Dalam Surat Pemberitahuan Perkembangan Hasil Pemeriksaan Propam (SP2HP 2-3) bernomor B/Pam-365/VIII/2023/Bidpropam tanggal 25 Agustus 2023 yang ditandangani Kasubbid Paminal AKBP Nur Prasetyantoro Wira Utomo, SIK, MH, disebutkan salah satu rujukannya adalah Surat Perintah Kapolda Sulsel No : Sprint/1340/VIII/HUK.12/2023 tanggal 22 Agustus 2023.
Atas dasar pengaduan ayah almarhum dan rujukan Kapolda Sulsel tersebut, aparat Subbidpaminal Bidpropam Polda Sulsel telah melakukan pemeriksaan awal terhadap sejumlah penyidik Satreskrim Polres Maros diantaranya adalah 2 (dua) perwira pertama yakni Inspektur Satu (Iptu) Pol Slamet (Kasat Reskrim Polres Maros) dan Inspektur Dua (Ipda) Pol Wawan (Kanit Tipidum Satreskrim Polres Maros).
Yodi Kristianto, SH, MH selaku kuasa hukum yang selalu ikut mendampingi keluarga almarhum ke Subbidpaminal Bidpropam Polda Sulsel, mengakui jika belakangan kliennya telah mendapat surat pemberitahuan dari Kasubbidpaminal Bidpropam Polda Sulsel bernomor B/Pam-512/XI/2023/Bidpropam tanggal 6 November 2023 terkait dugaan ketidakprofesionalan yang dilakukan penyidik Satreskrim Polres Maros.
Dalam pemberitahuan Subbidpaminal Bidpropam Polda Sulsel kepada pihak keluarga dinyatakan belum ditemukan indikasi terjadinya dugaan Pelanggaran Disiplin Anggota Polri dan atau Kode Etik Profesi Polri yang dilakukan oleh Penyidik/Penyidik Pembantu Satreskrim Polres Maros dalam menangani Laporan Polisi Nomor : LP/18/I/2023/SPKT/Res Maros tanggal 15 Januari 2023 perihal kematian Almarhum Virendy.
Atas dasar pernyataan tersebut, Advokat yang berkantor di Jl. Telkom 1 No 63 Telkomas ini mempertanyakan konsistensi aparat Propam Polda Sulsel dalam menangani perkara pelanggaran etik penyidik terhadap kasus kematian Virendy. Seharusnya pihak Propam Polda Sulsel objektif dalam pemeriksaan terhadap penyidik mengingat bukti-bukti yang secara terang-terangan telah menunjukkan sikap tidak profesional.
Bukti-bukti itu diantaranya, Kasatreskrim Polres Maros Iptu Slamet menyatakan kepada publik secara luas di media-media nasional bahwa tidak ditemukan tindak kekerasan pada korban mendahului hasil visum. Kemudian, tindakan penekanan secara psikologis kepada keluarga korban hingga meminta keluarga korban untuk tidak melakukan otopsi. Mengabaikan bukti-bukti yang diajukan pihak keluarga dan juga pengacara yang sejatinya bisa membantu penyelesaian kasus ini, hingga tindakan-tindakan yang tidak profesional terhadap pihak keluarga korban ketika dilakukan otopsi jenazah di lokasi pemakaman.
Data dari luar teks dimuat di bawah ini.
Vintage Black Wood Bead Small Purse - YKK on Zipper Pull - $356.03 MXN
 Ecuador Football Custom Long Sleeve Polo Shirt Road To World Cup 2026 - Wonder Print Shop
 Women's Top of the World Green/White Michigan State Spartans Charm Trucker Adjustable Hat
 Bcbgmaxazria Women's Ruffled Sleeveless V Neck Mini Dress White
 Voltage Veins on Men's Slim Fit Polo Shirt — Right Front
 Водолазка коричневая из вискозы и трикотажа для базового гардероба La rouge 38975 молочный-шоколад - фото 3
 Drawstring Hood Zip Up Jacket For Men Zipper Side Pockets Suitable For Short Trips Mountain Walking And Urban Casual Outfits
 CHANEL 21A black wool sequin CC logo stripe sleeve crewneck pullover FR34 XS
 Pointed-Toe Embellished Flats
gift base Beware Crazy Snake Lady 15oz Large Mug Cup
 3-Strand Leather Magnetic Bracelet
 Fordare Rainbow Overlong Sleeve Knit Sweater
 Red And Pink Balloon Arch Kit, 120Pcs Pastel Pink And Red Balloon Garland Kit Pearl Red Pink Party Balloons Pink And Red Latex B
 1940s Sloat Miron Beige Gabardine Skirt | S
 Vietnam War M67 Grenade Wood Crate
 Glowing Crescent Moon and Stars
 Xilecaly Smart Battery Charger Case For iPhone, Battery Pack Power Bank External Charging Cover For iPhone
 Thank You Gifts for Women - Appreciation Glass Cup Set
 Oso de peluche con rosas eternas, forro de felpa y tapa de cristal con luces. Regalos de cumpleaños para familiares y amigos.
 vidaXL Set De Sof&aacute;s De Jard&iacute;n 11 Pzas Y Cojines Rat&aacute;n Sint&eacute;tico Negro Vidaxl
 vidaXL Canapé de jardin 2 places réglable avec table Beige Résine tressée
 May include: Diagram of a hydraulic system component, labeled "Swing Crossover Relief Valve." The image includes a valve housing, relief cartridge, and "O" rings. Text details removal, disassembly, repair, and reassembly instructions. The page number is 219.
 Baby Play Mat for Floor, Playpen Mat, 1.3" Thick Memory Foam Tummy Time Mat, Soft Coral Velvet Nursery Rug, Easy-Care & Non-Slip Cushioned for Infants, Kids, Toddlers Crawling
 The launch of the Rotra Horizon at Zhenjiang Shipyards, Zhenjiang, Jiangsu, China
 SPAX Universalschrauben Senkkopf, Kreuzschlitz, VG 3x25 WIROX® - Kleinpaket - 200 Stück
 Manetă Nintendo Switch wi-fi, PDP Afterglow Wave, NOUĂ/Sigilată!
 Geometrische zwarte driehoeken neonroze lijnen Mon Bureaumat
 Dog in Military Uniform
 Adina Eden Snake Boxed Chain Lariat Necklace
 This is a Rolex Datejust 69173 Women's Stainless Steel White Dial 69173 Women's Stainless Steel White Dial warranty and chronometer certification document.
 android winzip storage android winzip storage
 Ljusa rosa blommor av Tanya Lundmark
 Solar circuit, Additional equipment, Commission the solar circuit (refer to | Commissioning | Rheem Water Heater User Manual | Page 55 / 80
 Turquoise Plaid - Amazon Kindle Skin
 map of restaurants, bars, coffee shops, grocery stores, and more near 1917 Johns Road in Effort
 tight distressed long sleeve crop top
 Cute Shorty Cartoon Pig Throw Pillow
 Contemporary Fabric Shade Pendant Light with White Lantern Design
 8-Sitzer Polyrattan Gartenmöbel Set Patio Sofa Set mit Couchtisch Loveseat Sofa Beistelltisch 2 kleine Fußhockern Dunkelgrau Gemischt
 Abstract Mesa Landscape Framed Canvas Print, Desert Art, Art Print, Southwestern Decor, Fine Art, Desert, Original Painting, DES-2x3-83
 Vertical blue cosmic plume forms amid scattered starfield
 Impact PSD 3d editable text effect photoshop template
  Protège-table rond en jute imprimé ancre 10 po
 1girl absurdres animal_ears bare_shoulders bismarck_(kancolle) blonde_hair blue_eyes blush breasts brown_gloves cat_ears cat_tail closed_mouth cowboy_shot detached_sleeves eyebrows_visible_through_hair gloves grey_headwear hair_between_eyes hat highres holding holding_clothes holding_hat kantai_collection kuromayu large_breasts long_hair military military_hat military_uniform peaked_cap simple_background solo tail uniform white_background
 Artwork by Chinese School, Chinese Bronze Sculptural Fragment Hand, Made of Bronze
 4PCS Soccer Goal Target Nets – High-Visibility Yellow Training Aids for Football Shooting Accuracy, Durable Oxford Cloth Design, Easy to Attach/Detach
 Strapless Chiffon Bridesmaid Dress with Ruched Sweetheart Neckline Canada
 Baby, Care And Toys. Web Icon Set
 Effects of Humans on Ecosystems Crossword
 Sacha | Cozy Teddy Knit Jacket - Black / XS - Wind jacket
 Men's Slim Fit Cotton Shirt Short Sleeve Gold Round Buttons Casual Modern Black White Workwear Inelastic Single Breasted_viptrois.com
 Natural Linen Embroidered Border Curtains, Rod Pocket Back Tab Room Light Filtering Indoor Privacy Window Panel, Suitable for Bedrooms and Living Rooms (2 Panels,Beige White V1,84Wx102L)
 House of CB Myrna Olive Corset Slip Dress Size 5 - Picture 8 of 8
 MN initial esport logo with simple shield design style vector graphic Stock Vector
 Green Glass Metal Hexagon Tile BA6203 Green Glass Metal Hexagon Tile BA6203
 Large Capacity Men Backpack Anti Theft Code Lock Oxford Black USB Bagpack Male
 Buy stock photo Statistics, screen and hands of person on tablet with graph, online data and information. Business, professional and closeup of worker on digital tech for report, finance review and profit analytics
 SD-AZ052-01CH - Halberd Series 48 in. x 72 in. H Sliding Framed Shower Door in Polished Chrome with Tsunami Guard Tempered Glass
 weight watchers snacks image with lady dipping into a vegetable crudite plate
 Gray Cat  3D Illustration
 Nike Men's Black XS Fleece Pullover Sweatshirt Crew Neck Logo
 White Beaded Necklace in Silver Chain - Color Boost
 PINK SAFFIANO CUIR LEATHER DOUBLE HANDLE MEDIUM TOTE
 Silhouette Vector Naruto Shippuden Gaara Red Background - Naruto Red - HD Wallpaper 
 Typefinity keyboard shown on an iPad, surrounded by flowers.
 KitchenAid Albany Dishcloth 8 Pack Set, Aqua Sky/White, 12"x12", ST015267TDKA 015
Yodi menguraikan lagi, ketika peristiwa kematian Virendy ini dilaporkan via telepon pada Sabtu (14/01/2023) pagi, seharusnya aparat penegak hukum Polres Maros dengan sigap langsung bertindak mendatangi dimana korban berada, apakah masih di TKP, rumah sakit ataupun sudah di rumah duka untuk memeriksa kondisi jenazah, mengamankan barang bukti, mengambil keterangan hingga melakukan visum ataupun otopsi.
Karena sampai Minggu (15/01/2023) siang tak ada petugas Polres Maros yang datang ke rumah duka, akhirnya pihak keluarga yang diwakili Viranda Wehantouw ditemani kakak iparnya, Ryan Mongan mendatangi Mapolres Maros dan membuat laporan kepolisian di Ruangan SPKT dan menunjukkan bukti foto-foto kondisi jenazah almarhum yang terdapat luka-luka, lebam dan memar di beberapa bagian tubuhnya yang diduga kuat akibat tindak kekerasan.
Selesai melapor di Ruangan SPKT dan sejumlah petugas yang melihat bukti foto-foto tampak merasa yakin adanya unsur kekerasan, selanjutnya Viranda dan Ryan disuruh naik ke lantai 2 di ruangan penyidik Satreskrim Polres Maros. Saat itulah Kasat Reskrim menyampaikan bahwa pihak keluarga harus siap dengan lapang dada menerima apapun hasil penyelidikan nanti.